Under his leadership, NERSC enabled important discoveries for research in fields ranging from global climate modeling to astrophysics. Simon was also the founding director of Berkeley Lab's Computational Research Division, which conducts applied research and development in computer science, computational science, and applied mathematics. In his prior role as Associate Lab Director for Computing Sciences, Simon helped to establish Berkeley Lab as a world leader in providing supercomputing resources to support research across a wide spectrum of scientific disciplines.

Here he discusses the challenges of meeting the 2020 goal for achieving the first exascale computing systems.

Q: On two consecutive days in early May 2013, you gave a talk on “Why we need exascale and why we won’t get there by 2020,” first at the IEEE Optical Interconnects meeting in Santa Fe and then at the Cray User Group meeting in Napa. What’s your thinking that led to the presentation?

Horst Simon: Well, everybody is talking about exascale these days. Petaflop/s systems are firmly established in the HPC ecosystem and people are looking ahead to when we will see an exaflops/s machine. My position is that the methods we have been using to predict when we cross certain thresholds, like teraflop/s and petaflop/s, no longer apply.

Q: Why not?

Simon: The TOP500 List, of which I am one of four editors, is marking its 20th anniversary as the chronicler of HPC performance. When it was started 20 years ago, the technology was transitioning from vector systems to massively parallel processing systems, or MPP. Now, back then “massively parallel” referred to machines with 64, 128 or even 256 CPUs. The TOP500 list was created to help understand this transition and to define what was a “supercomputer.”

If you look at the growth curve of performance over those 20 years, it is clearly influenced by Moore’s Law and parallelism. It’s not a surprising trajectory and if in 1992 someone said the first teraflop/s system would appear by such-and-such a date, they had a good chance of being correct. But we can’t say that for the next eight to 10 years. For one thing, it’s not clear what architecture will get us to exascale. Many look at the performance growth that is clearly visible over the last 20 years on the TOP500 list, and then just simply extend the straight line from today for another 10 or 12 years. This “straight line” extrapolation thinking is wrong. I think that the computing world faces a fundamental technology transition that will disrupt this simple extrapolation.

Q: How do current architectures fit into the picture?

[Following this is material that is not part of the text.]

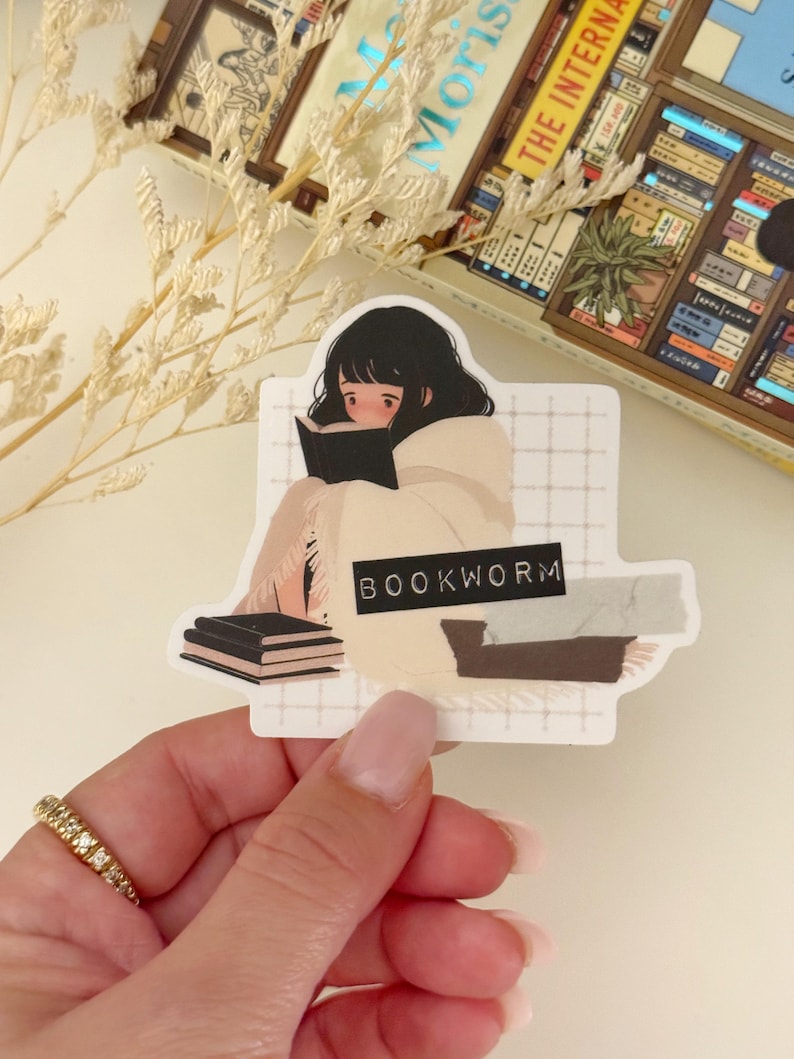 May include: A sticker featuring a cartoon illustration of a person reading a book while wrapped in a blanket. The sticker has a white background with a grid pattern and the text "BOOKWORM" in black.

Simon: We are currently following three different paths, each of which claims one of the top three slots on the latest TOP500 list.

The multicore path is built around high-end CPUs, such at Intel’s x86, SPARC and IBM’s Power 7. The Manycore/embedded approach uses many simpler, low power cores from embedded systems. Finally, there is the GPU/accelerator path using highly specialized processors from the gaming/graphics market space, such as NVIDIA’s Fermi, the Cell processor and Intel’s Xeon Phi (MIC).

Titan, the No. 1 system at Oak Ridge, uses the GPU/accelerator approach. The manycore embedded processor path has led to Blue Gene, which is as No. 2. And the K computer, using SPARC CPUs, is at No. 3.

One way to look at the race to exascale is as a swim meet. There are three swim lanes, each heading toward the same goal. But who do you bet on to win the race? If you choose too soon, your users cannot follow you. If you choose too late, you fall behind on the performance curve. And if you choose incorrectly, your users face multiple disruptive changes in the technology they rely on.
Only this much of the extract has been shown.